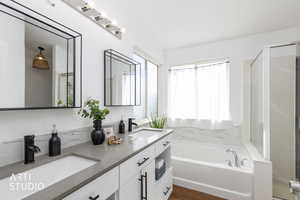Bathroom featuring double vanity, a shower stall, a bath, and dark wood-style flooring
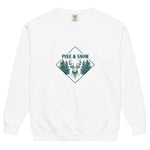 Stag emblem with pine and snow design on a White garment-dyed sweatshirt
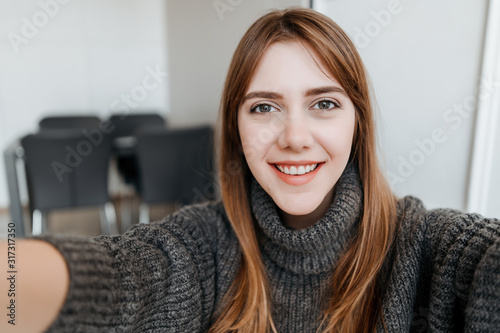 young millennial beautiful woman making selfie at home in apartment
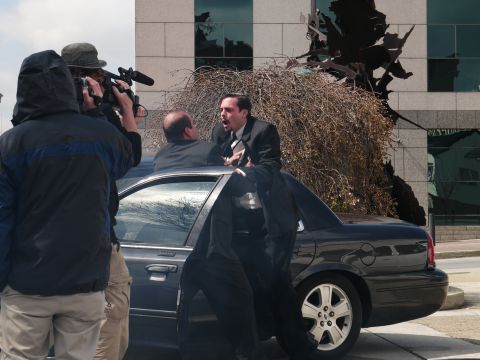 1985 Ford LTD Crown Victoria - A film crew captures a dramatic scene where two men in suits appear to be arguing next to a car.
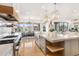 Open kitchen with large island, eat-in dining, and seamless flow into the living area at 7033 E Lake Cir, Centennial, CO 80111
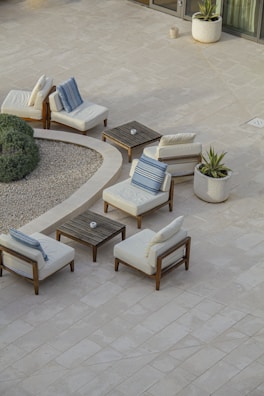 A minimalist outdoor patio setup featuring several cushioned wooden chairs arranged around small square wooden tables. The scene includes potted plants and a round gravel garden area, bordered by verdant shrubs. The tiled flooring is light-colored, enhancing the serene and airy ambiance of the space.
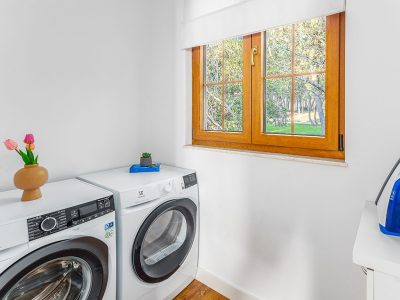 camping-mon-perin-beach-front-villa-porto-bus-interior-laundry-dryer-machine-laundry-room-2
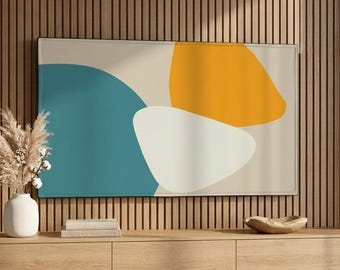 May include: A modern living room scene featuring a large abstract art piece with teal, yellow, and white shapes. Below, a light wood floating media console holds a white vase with dried flowers, books, and a wooden bowl. The wall is paneled with vertical wood slats.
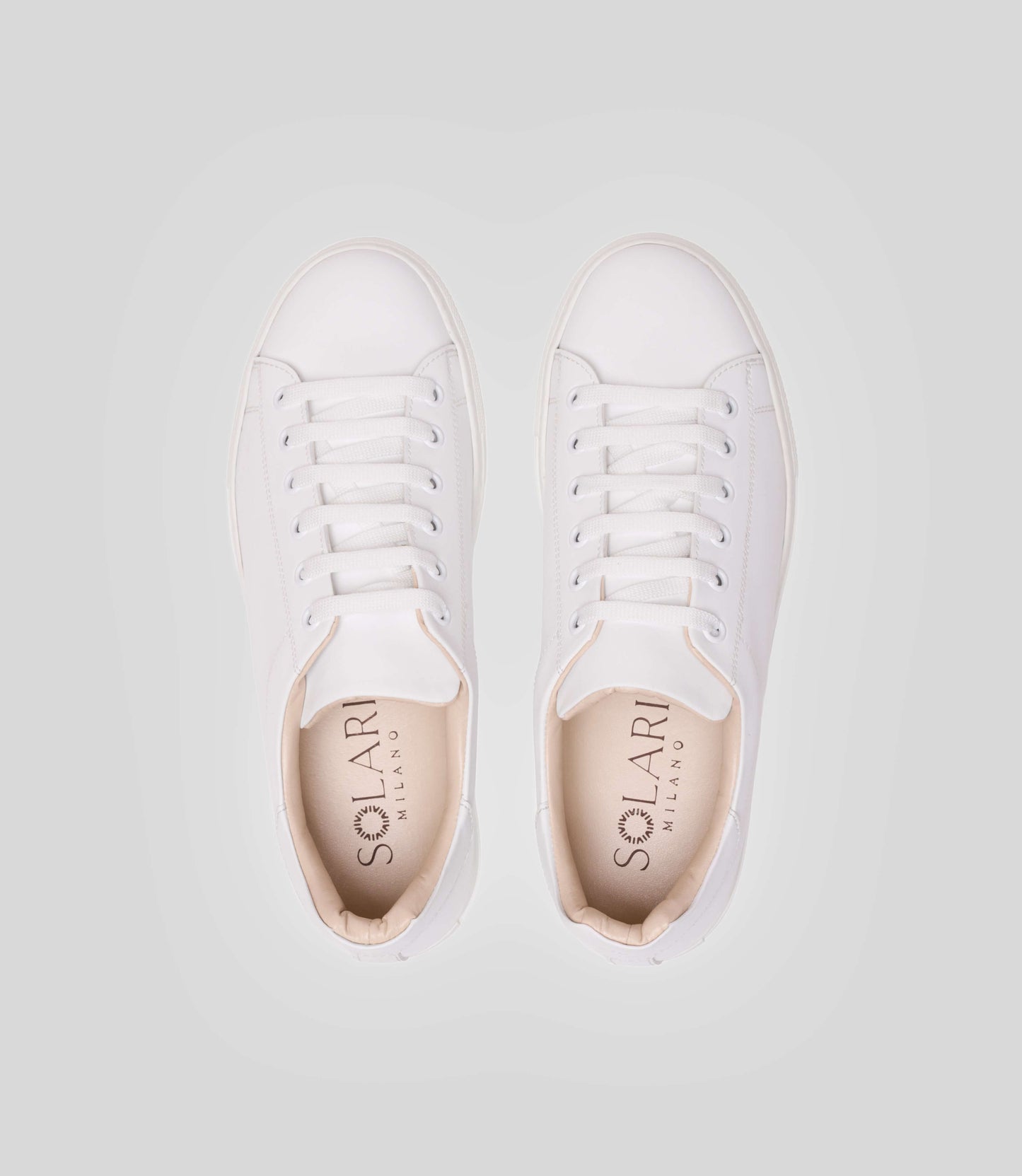 Vegan sneakers handmade in Italy, Solari Milano's Vegan Sneaker L1 in white, featuring breathable microfiber and a comfortable design.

### TO DO
Take the lines above starting at the one containing "Stag emblem with" and ending at the one containing "1985 Ford LTD", and print them again exactly, without pictures.

### TASK RESULT
 Stag emblem with pine and snow design on a White garment-dyed sweatshirt
 young millennial beautiful woman making selfie at home in apartment
 1985 Ford LTD Crown Victoria - A film crew captures a dramatic scene where two men in suits appear to be arguing next to a car.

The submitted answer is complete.